(Image-caption web data)
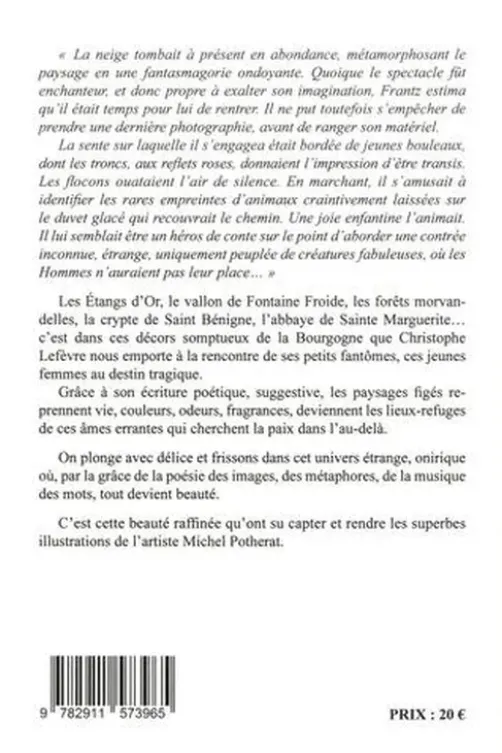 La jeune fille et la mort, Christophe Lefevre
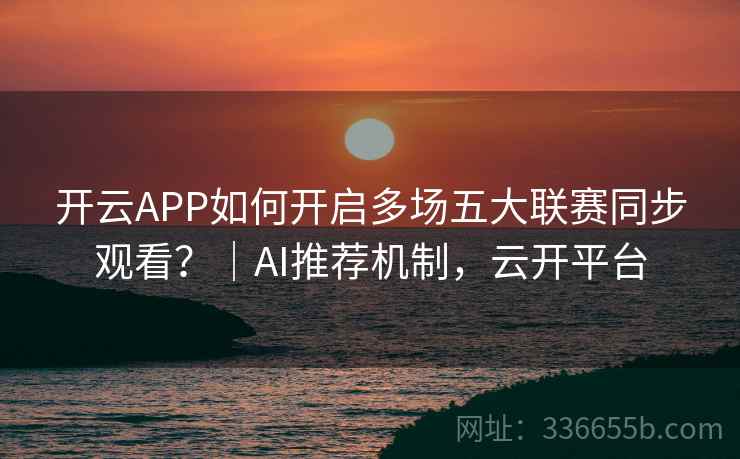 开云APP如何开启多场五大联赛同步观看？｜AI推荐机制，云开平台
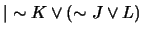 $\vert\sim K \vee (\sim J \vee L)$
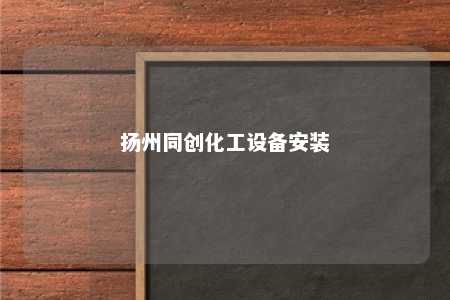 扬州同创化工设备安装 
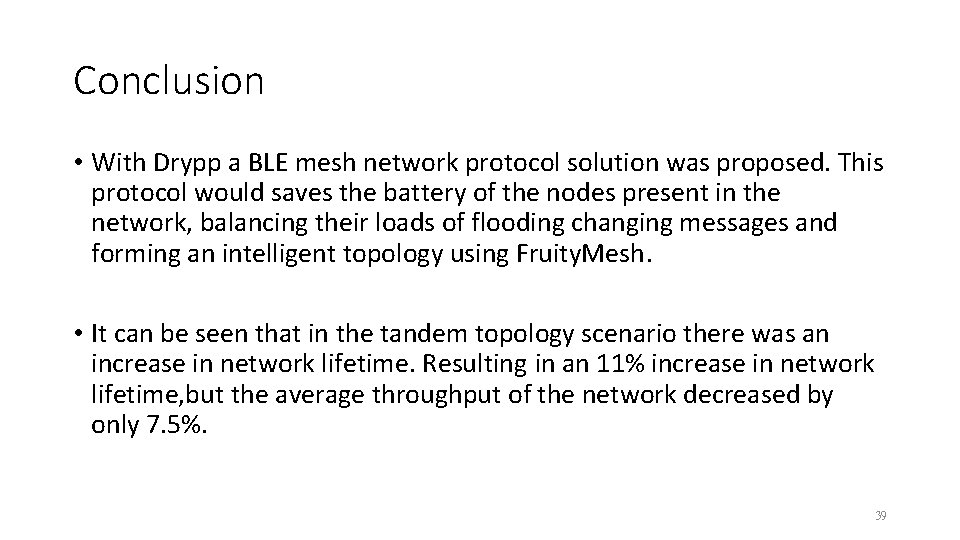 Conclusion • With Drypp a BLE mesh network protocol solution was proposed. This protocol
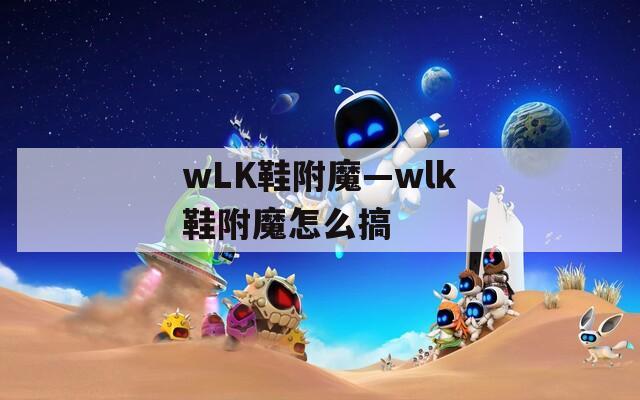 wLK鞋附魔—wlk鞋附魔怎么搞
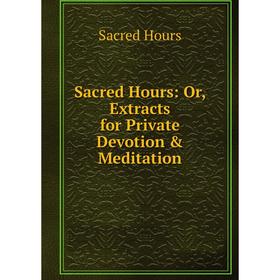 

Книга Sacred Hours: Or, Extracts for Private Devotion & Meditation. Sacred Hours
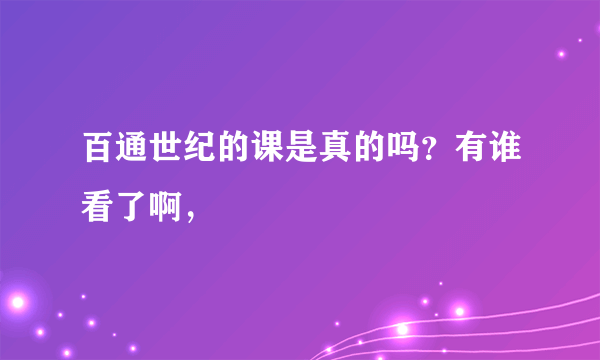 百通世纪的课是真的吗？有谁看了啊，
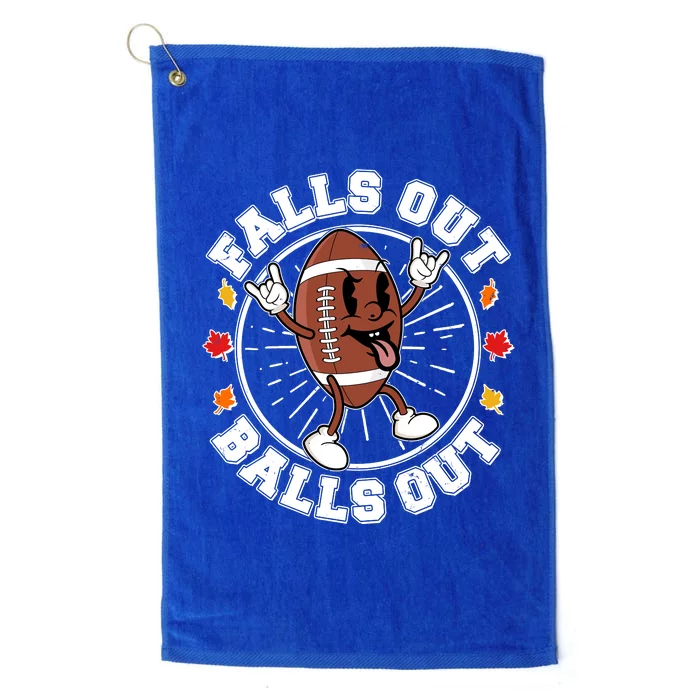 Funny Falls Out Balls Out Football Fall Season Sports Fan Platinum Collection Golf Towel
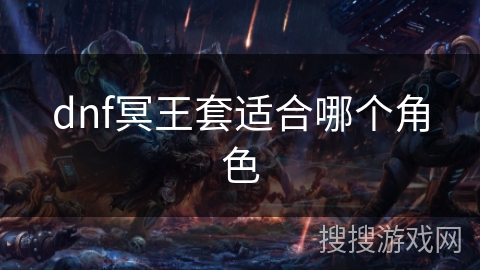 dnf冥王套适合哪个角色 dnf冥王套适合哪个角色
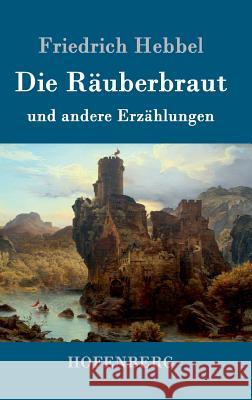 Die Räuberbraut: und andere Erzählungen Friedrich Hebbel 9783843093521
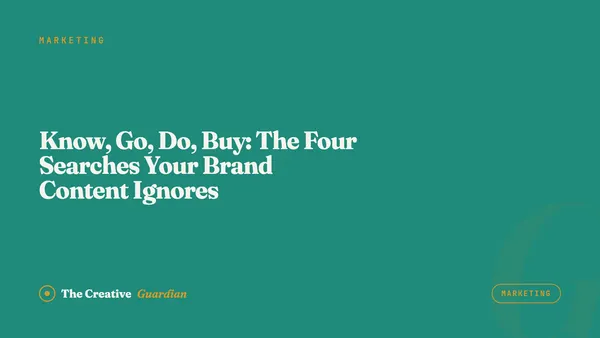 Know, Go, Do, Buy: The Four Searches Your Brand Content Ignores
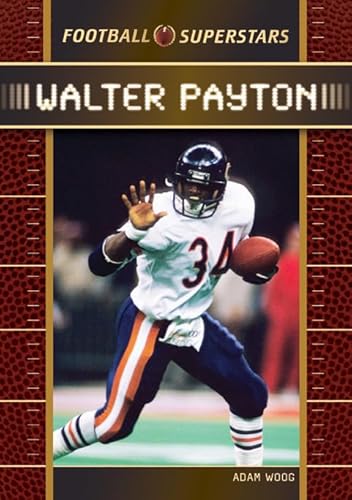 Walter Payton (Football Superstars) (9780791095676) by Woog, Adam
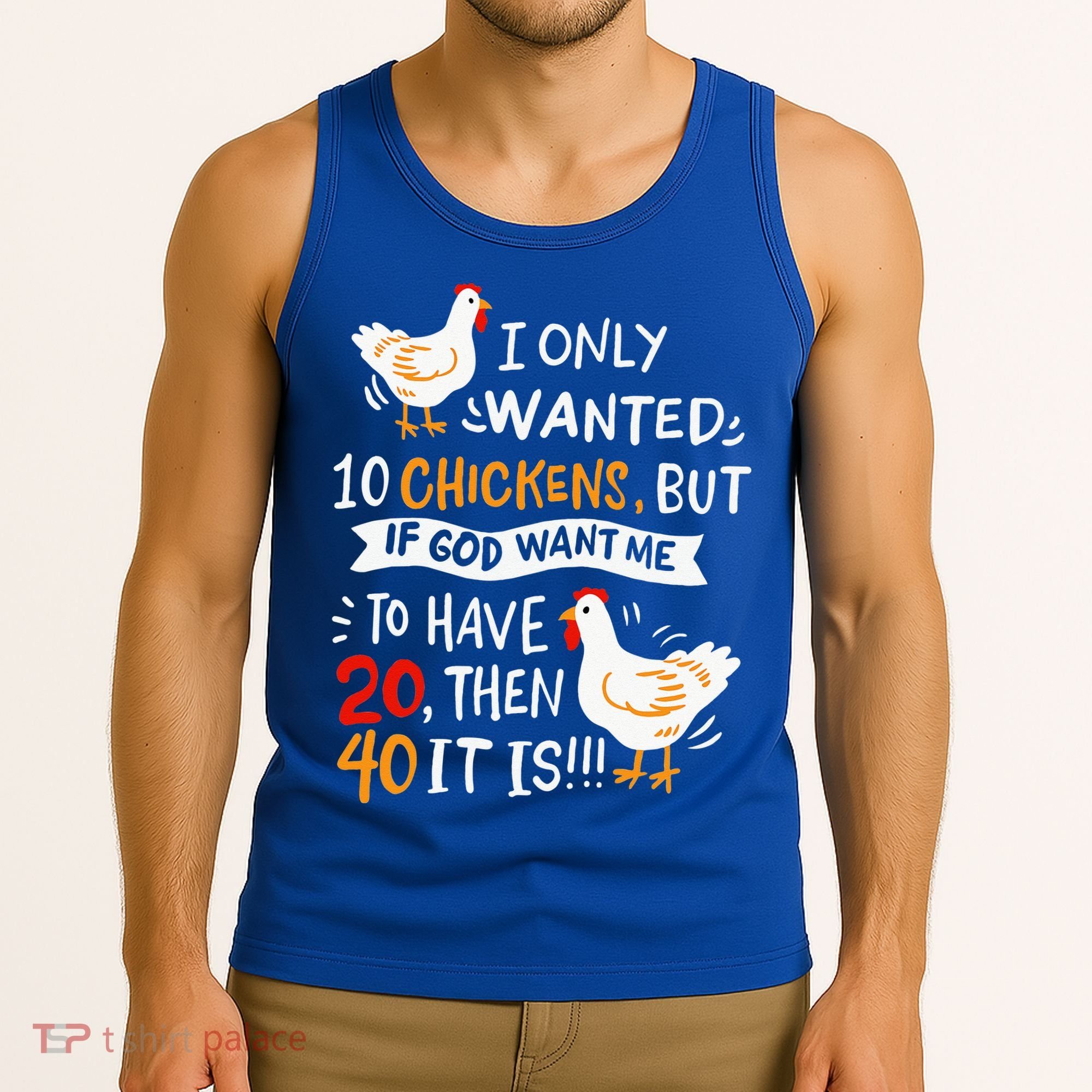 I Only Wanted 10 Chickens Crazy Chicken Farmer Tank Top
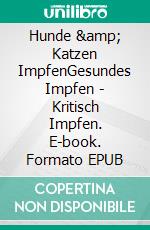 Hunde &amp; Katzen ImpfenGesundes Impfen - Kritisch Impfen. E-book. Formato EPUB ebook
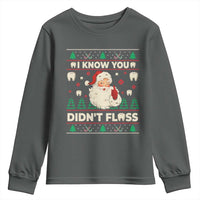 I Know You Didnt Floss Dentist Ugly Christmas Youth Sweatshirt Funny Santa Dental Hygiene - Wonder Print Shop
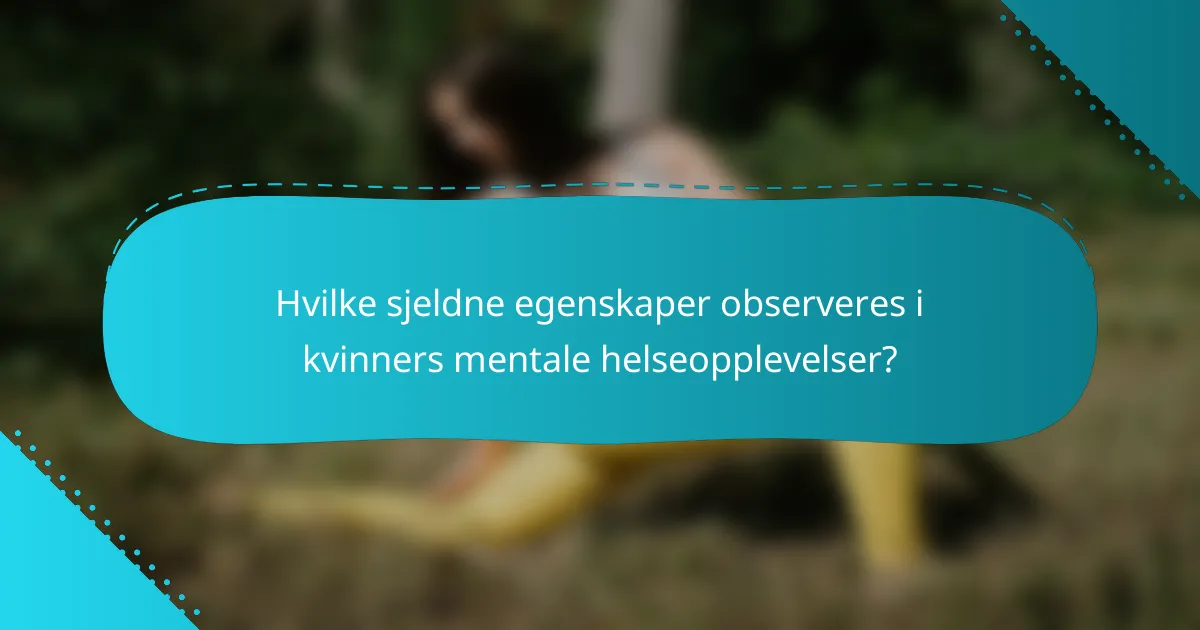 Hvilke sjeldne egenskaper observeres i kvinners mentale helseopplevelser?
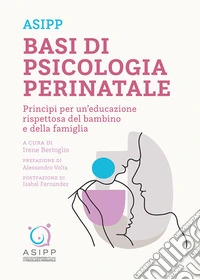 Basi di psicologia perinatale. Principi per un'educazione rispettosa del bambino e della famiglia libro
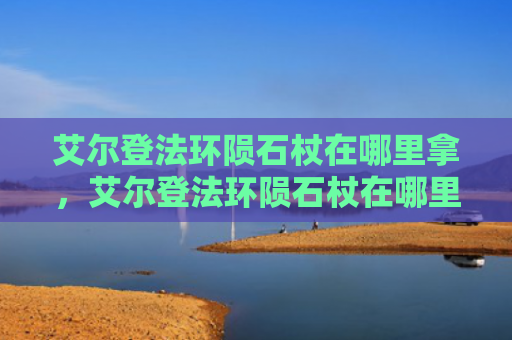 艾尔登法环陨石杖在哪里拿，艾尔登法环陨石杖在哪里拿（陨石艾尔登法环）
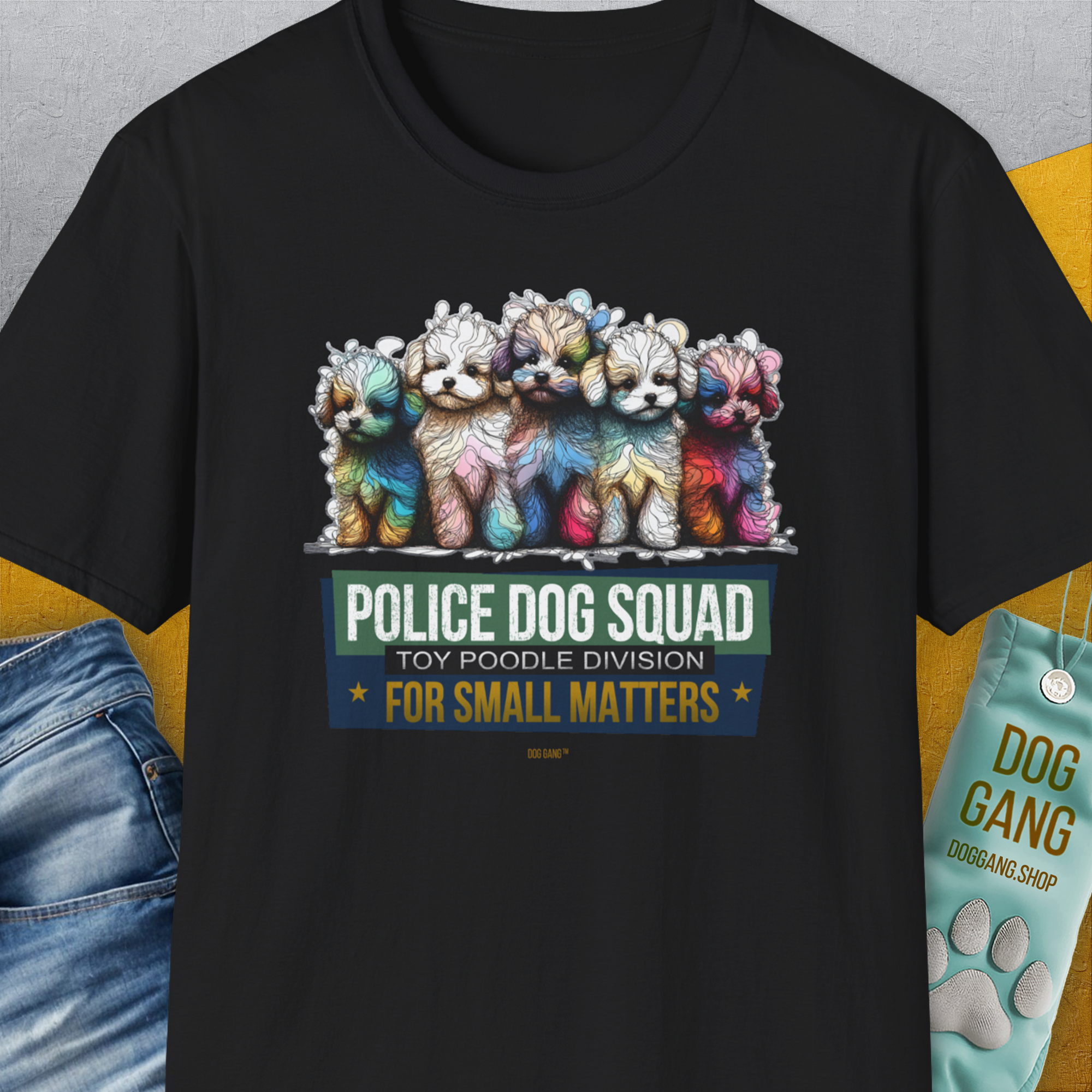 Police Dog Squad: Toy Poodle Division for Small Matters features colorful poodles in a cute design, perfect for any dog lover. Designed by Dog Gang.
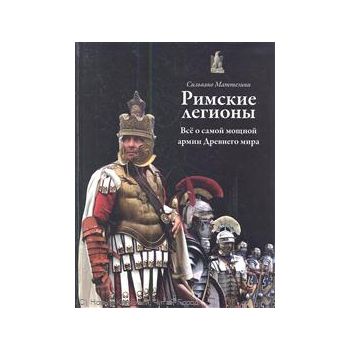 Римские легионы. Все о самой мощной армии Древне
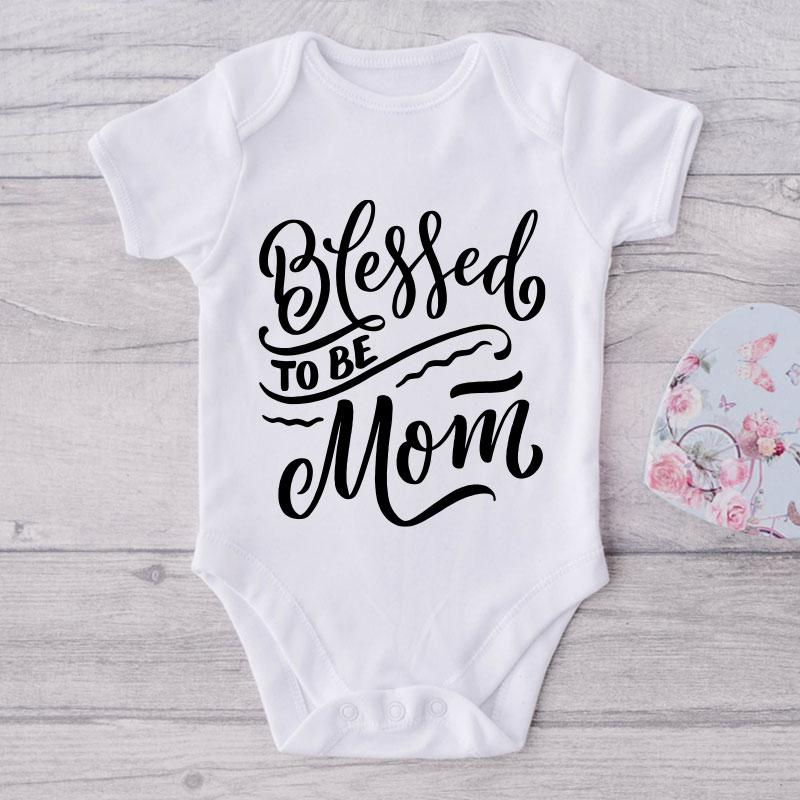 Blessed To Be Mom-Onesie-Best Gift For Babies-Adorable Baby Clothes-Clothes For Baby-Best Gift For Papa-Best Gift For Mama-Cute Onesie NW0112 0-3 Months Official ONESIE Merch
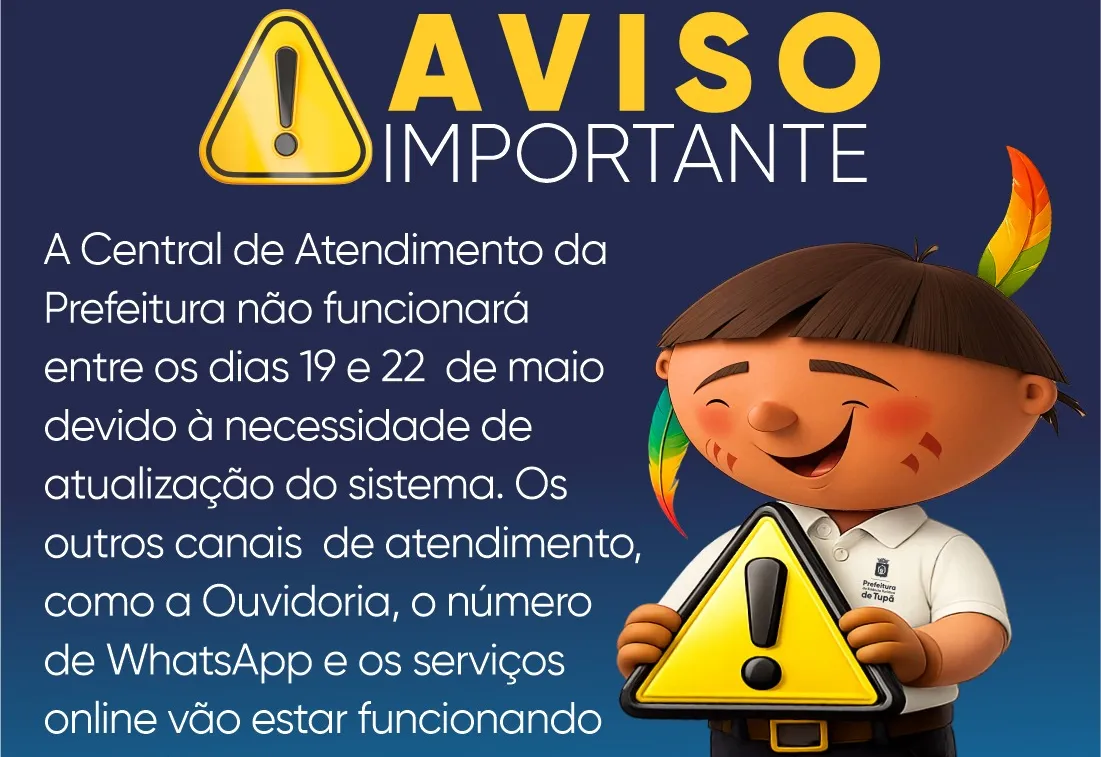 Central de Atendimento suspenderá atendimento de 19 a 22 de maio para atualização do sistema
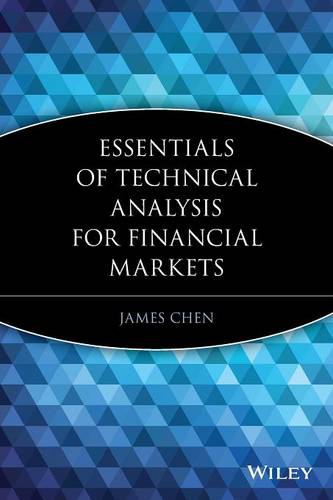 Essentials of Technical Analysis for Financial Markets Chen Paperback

Task instructions -> Exactly the lines above, from the one containing "Hvilke sjeldne egenskaper" down to the one containing "艾尔登法环陨石杖在哪里拿，艾尔登法环陨石杖在哪里拿（陨石艾尔登法环）", are to be repeated, including both ends. Pictures are not part of the copy.

Answer for the task ->
 Hvilke sjeldne egenskaper observeres i kvinners mentale helseopplevelser?
 Basi di psicologia perinatale. Principi per un'educazione rispettosa del bambino e della famiglia libro
 艾尔登法环陨石杖在哪里拿，艾尔登法环陨石杖在哪里拿（陨石艾尔登法环）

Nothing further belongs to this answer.